#### [What the task asks]
From the first line to the last, copy the data exactly.

#### [Data below]
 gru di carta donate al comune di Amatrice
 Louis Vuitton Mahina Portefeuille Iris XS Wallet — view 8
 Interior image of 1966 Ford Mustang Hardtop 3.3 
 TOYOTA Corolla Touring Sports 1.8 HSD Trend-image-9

#### [Reply]
 gru di carta donate al comune di Amatrice
 Louis Vuitton Mahina Portefeuille Iris XS Wallet — view 8
 Interior image of 1966 Ford Mustang Hardtop 3.3 
 TOYOTA Corolla Touring Sports 1.8 HSD Trend-image-9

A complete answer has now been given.